WHAT YOU ARE ASKED TO DO — Take the records below and set down exactly the lines from the one with "Clarks Leda Up" to the one with "7.5ft PreLit Black", ends included; do not copy the pictures.

MATERIAL PROVIDED —
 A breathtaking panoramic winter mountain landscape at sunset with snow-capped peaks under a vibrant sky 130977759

--

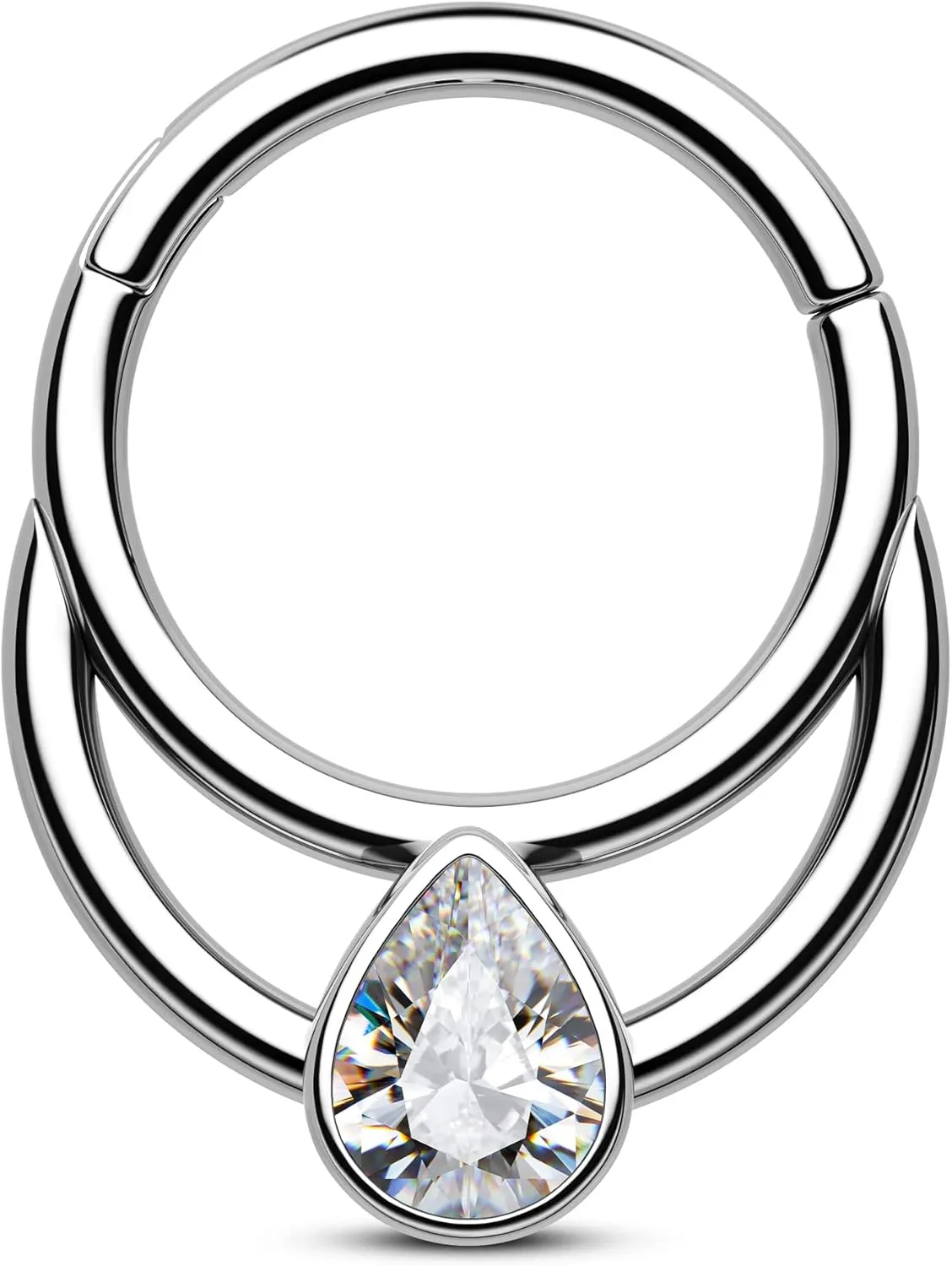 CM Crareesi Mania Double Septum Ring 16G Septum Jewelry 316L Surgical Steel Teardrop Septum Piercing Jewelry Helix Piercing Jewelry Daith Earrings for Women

---

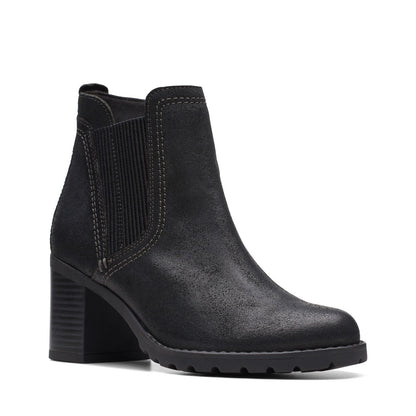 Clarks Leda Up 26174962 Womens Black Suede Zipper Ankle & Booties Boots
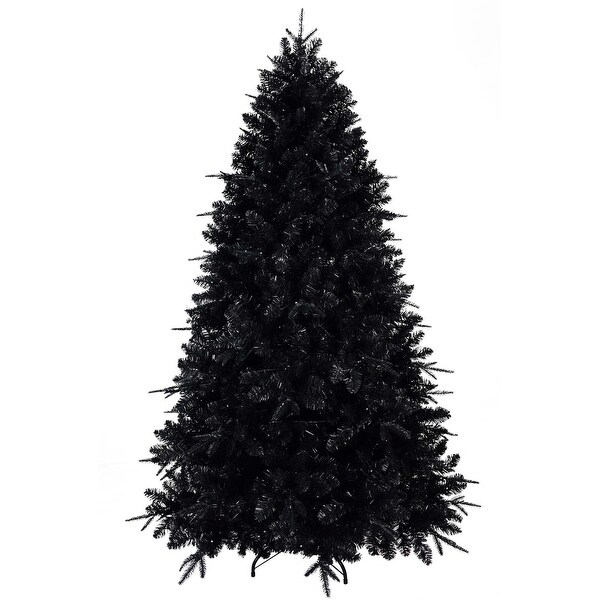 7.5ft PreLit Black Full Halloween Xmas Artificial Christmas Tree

WRITTEN ANSWER —
 Clarks Leda Up 26174962 Womens Black Suede Zipper Ankle & Booties Boots
 7.5ft PreLit Black Full Halloween Xmas Artificial Christmas Tree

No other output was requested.